- _AIM OF THE EXERCISE_
Give the records below again exactly, and exclude each picture.

- _DATA RECORDS_

▬▬▬▬▬▬

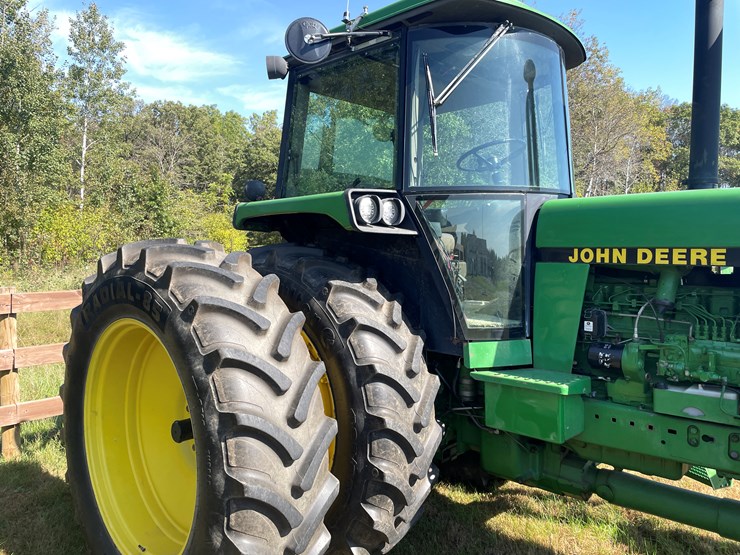 john-deere-4555-image-9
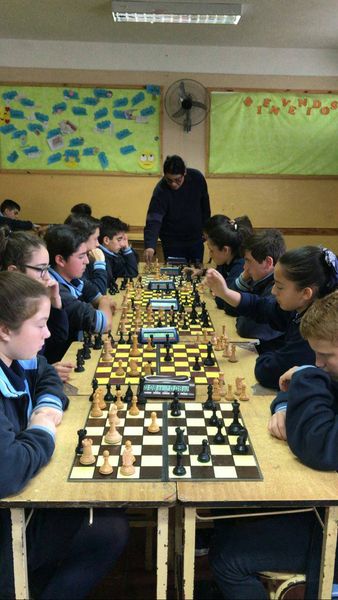 Estudiantes jugando al ajedrez en el aula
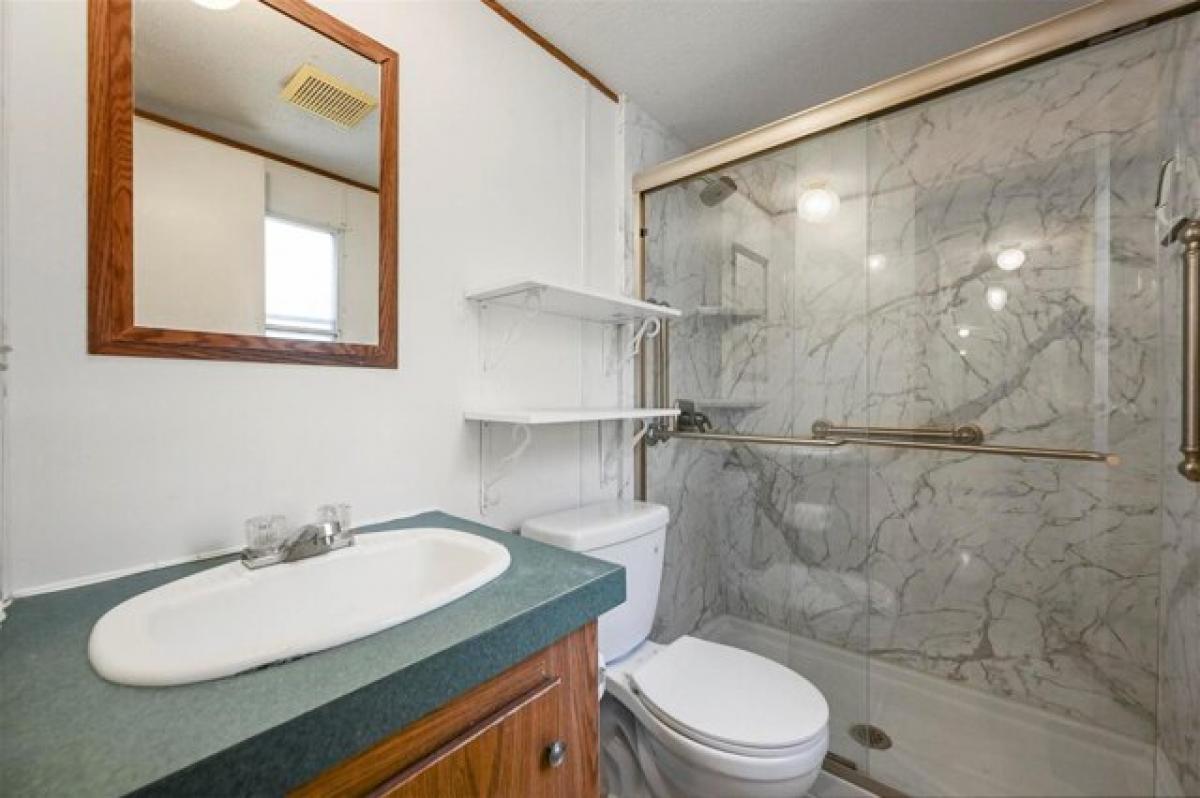 Picture of Home For Sale in Grand Prairie, Texas, United States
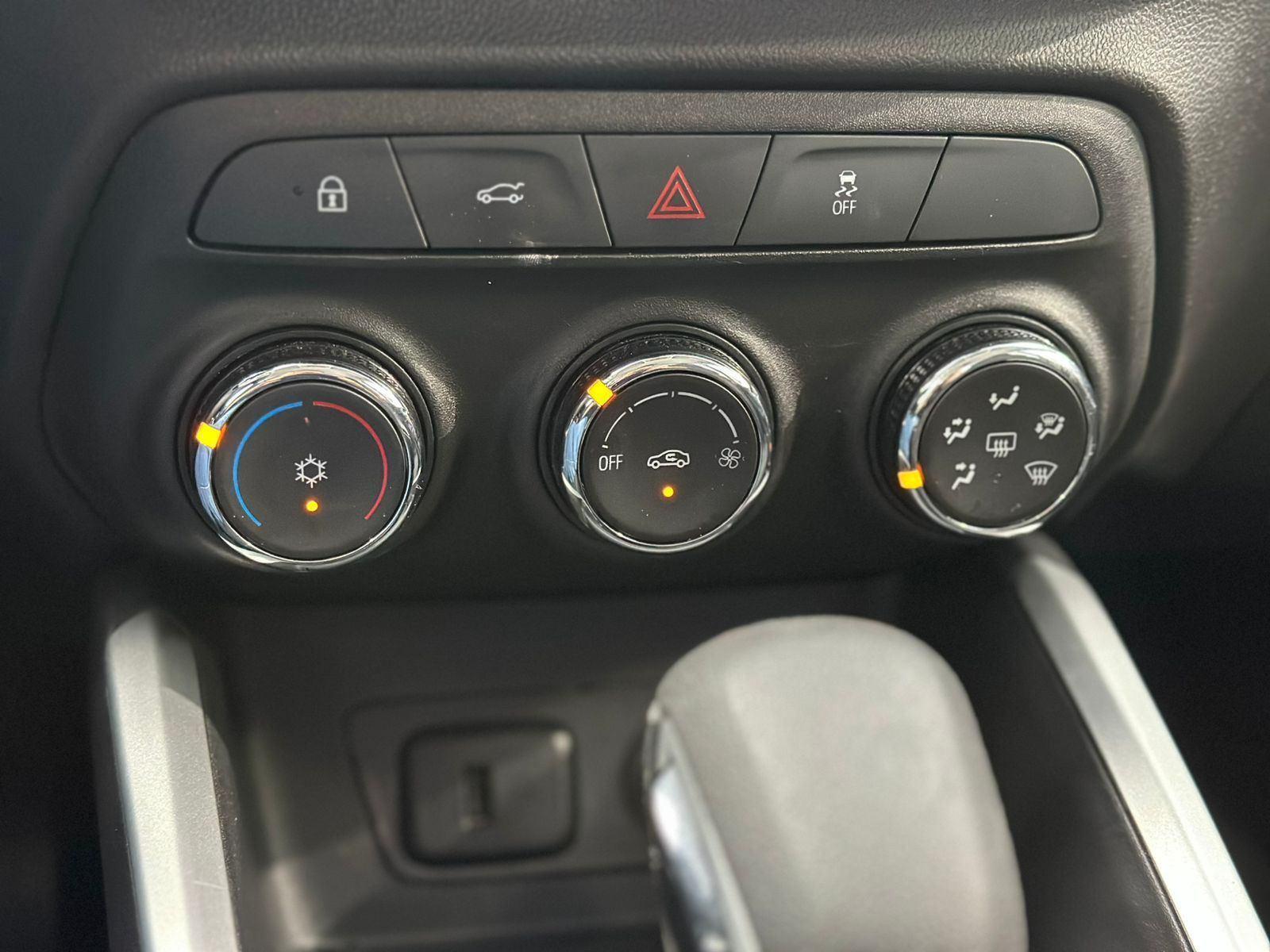 Foto número 379376 do veiculo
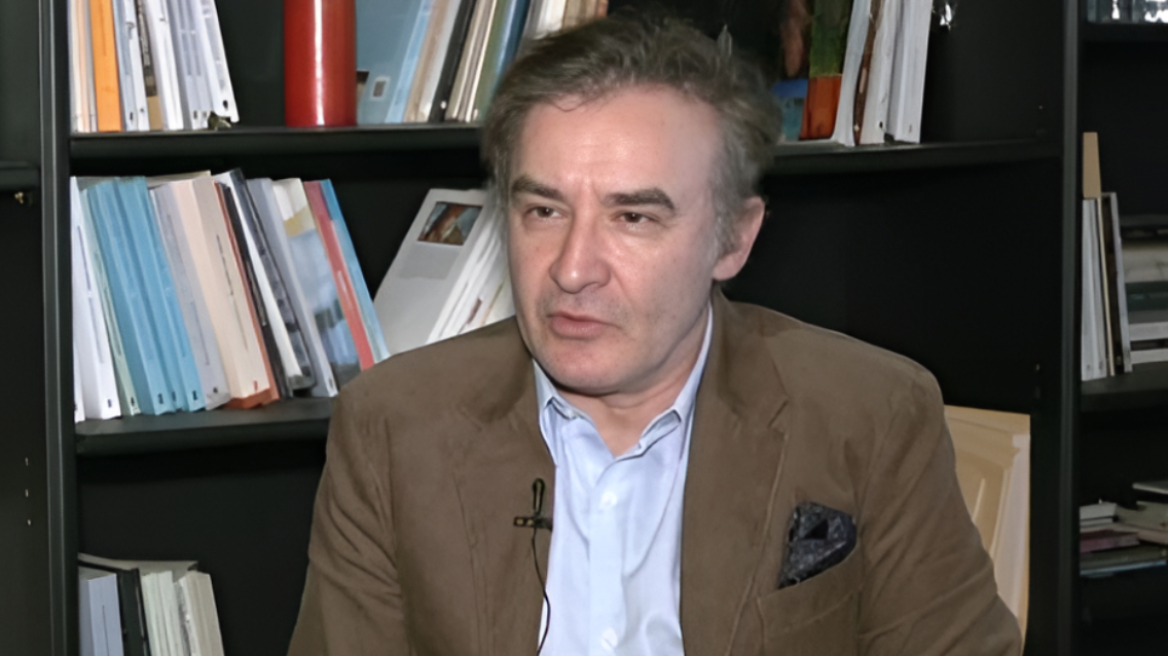 Νίκος Ορφανός: «Θέλω να είμαι ο πατέρας που θα ήθελα να έχω – Δεν είχα ευτυχισμένα παιδικά χρόνια»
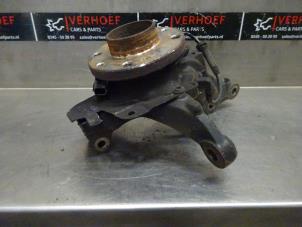 Used Knuckle, front left Renault Clio IV (5R) 0.9 Energy TCE 90 12V Price on request offered by Verhoef Cars & Parts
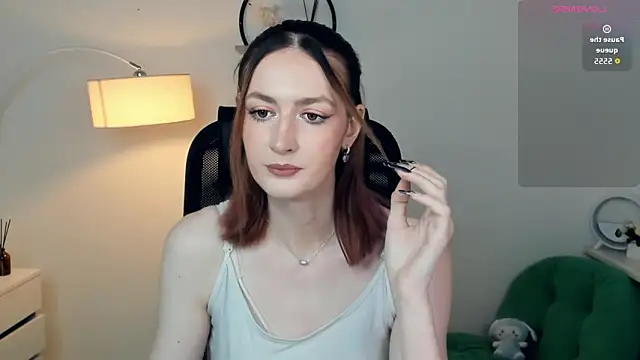 Snapshot of EasterBlink chatting on November 20, 2025, 10:49 am EasterBlink online show from November 20, 2025, 10:49 am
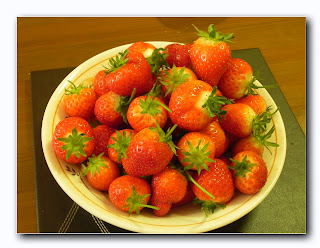 Homegrown strawberries, www.ruths-world.com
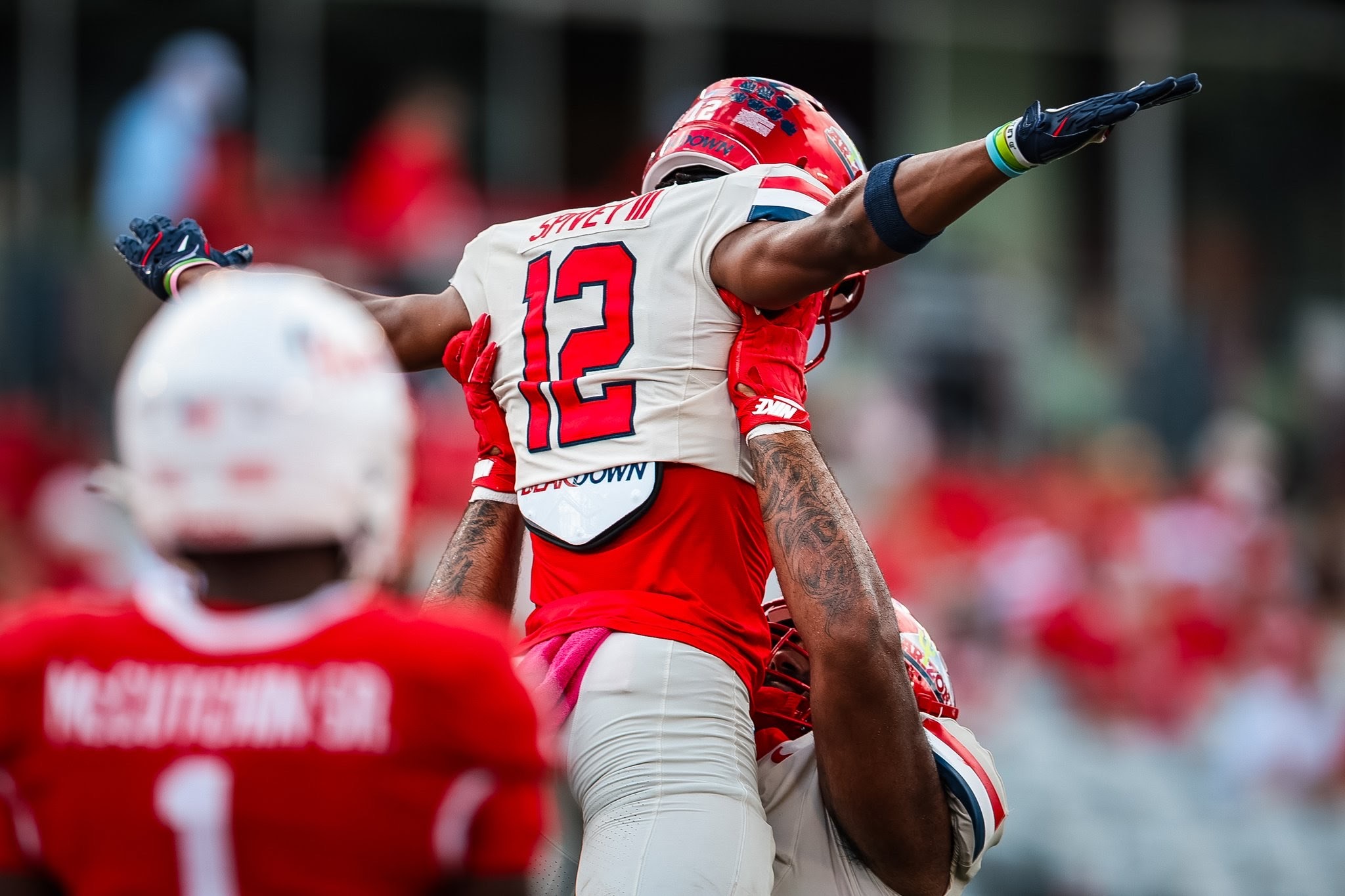 Arizona fell to 4-3 (1-3) on Saturday after dropping an up-and-down game to Houston, which kicked a walk-off field goal to win 31-28.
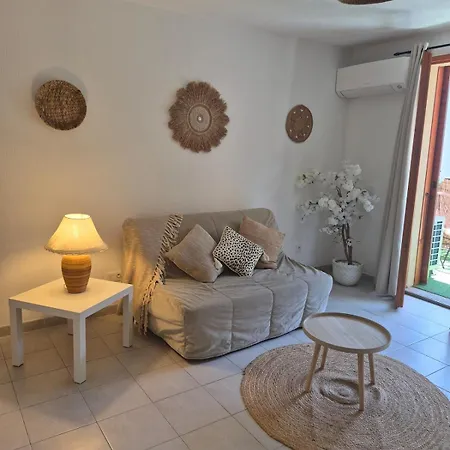 Appartement Independant Avec Parking Prive Et Securise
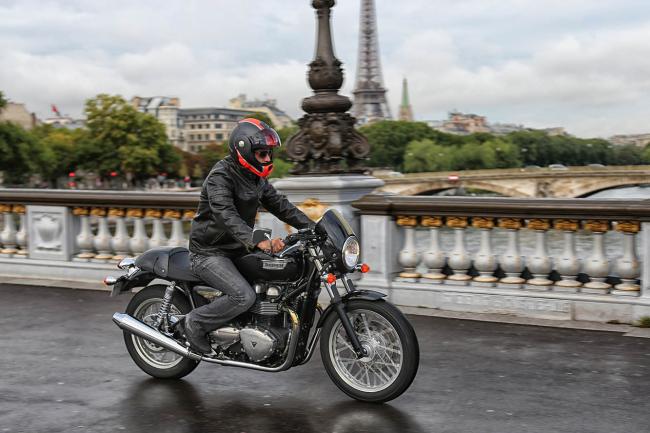 Triumph Thruxton Ace 900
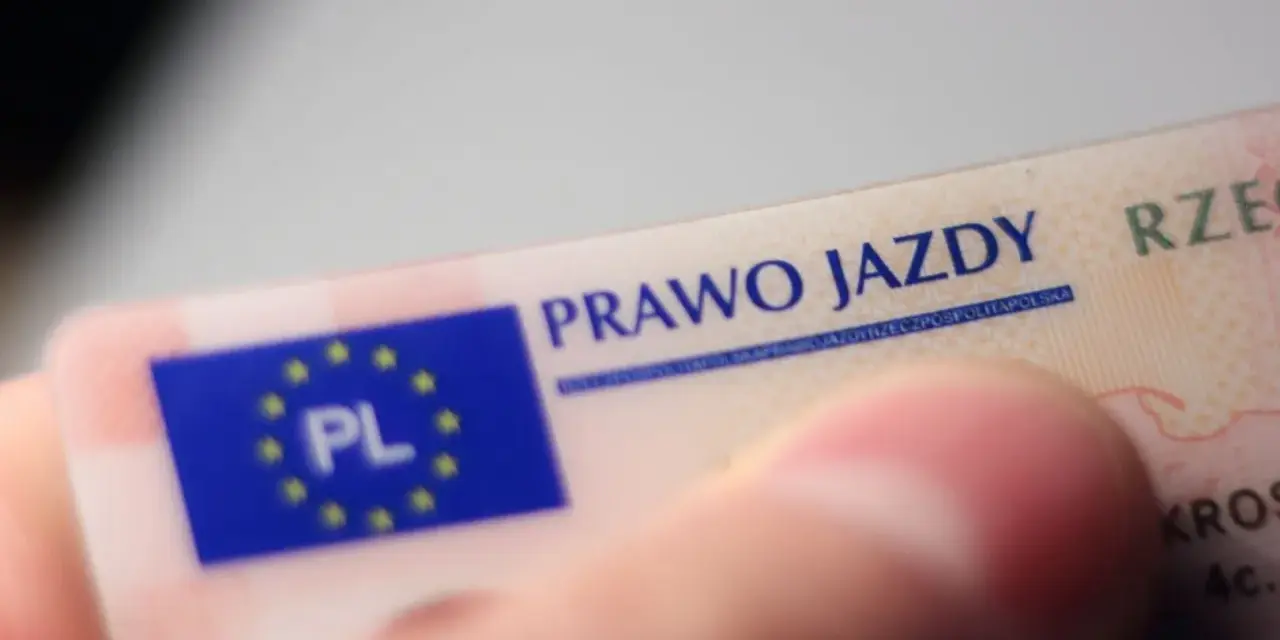Zbliżenie na polskie prawo jazdy z flagą UE i napisem "PRAWO JAZDY".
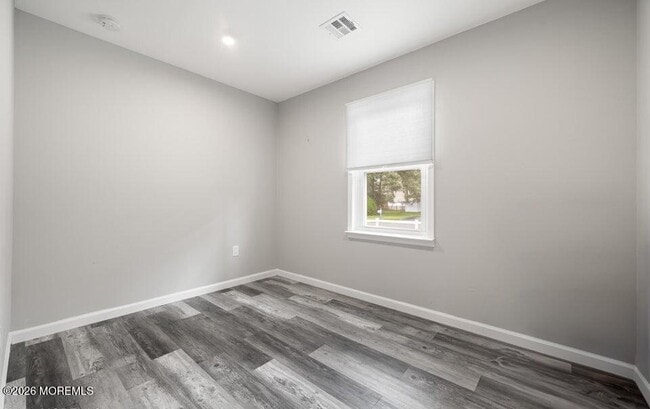 Building Photo - 303 Chestnut Dr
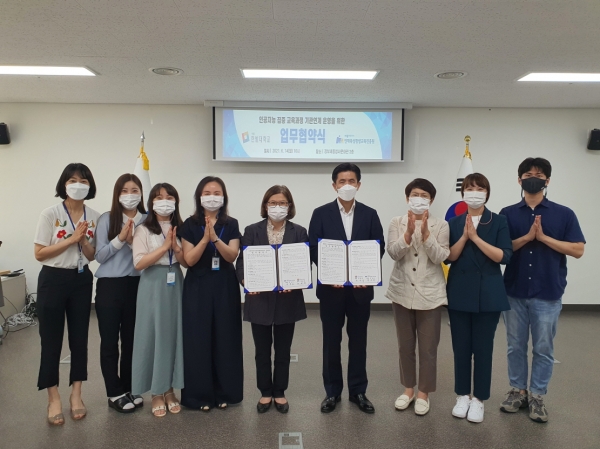 한밭대학교 최병욱 총장(오른쪽에서 네 번째)과 (재)세종특별자치시인재육성평생교육진흥원 박영송 원장이 협약서 교환 후 관계자들과 함께 기념촬영을 하고 있다.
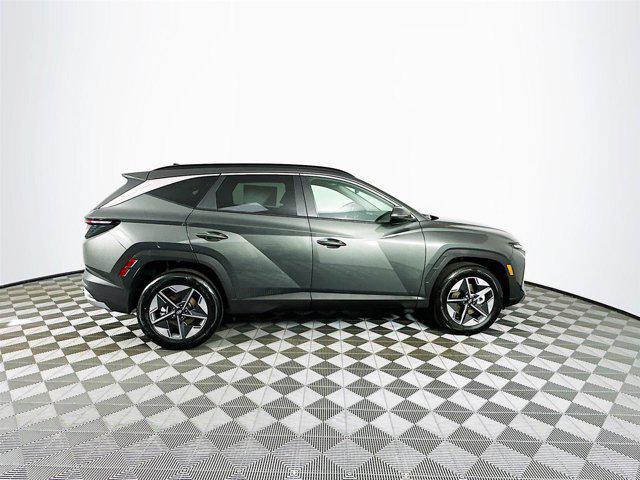 new 2025 Hyundai TUCSON Hybrid car, priced at $37,462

▬▬▬▬▬▬

- _SOLUTION TO THIS TASK_
 john-deere-4555-image-9
 Estudiantes jugando al ajedrez en el aula
 Picture of Home For Sale in Grand Prairie, Texas, United States
 Foto número 379376 do veiculo
 Νίκος Ορφανός: «Θέλω να είμαι ο πατέρας που θα ήθελα να έχω – Δεν είχα ευτυχισμένα παιδικά χρόνια»
 Used Knuckle, front left Renault Clio IV (5R) 0.9 Energy TCE 90 12V Price on request offered by Verhoef Cars & Parts
 Snapshot of EasterBlink chatting on November 20, 2025, 10:49 am EasterBlink online show from November 20, 2025, 10:49 am
 Homegrown strawberries, www.ruths-world.com
 Arizona fell to 4-3 (1-3) on Saturday after dropping an up-and-down game to Houston, which kicked a walk-off field goal to win 31-28.
 Appartement Independant Avec Parking Prive Et Securise
 Triumph Thruxton Ace 900
Zbliżenie na polskie prawo jazdy z flagą UE i napisem "PRAWO JAZDY".
 Building Photo - 303 Chestnut Dr
 한밭대학교 최병욱 총장(오른쪽에서 네 번째)과 (재)세종특별자치시인재육성평생교육진흥원 박영송 원장이 협약서 교환 후 관계자들과 함께 기념촬영을 하고 있다.
 new 2025 Hyundai TUCSON Hybrid car, priced at $37,462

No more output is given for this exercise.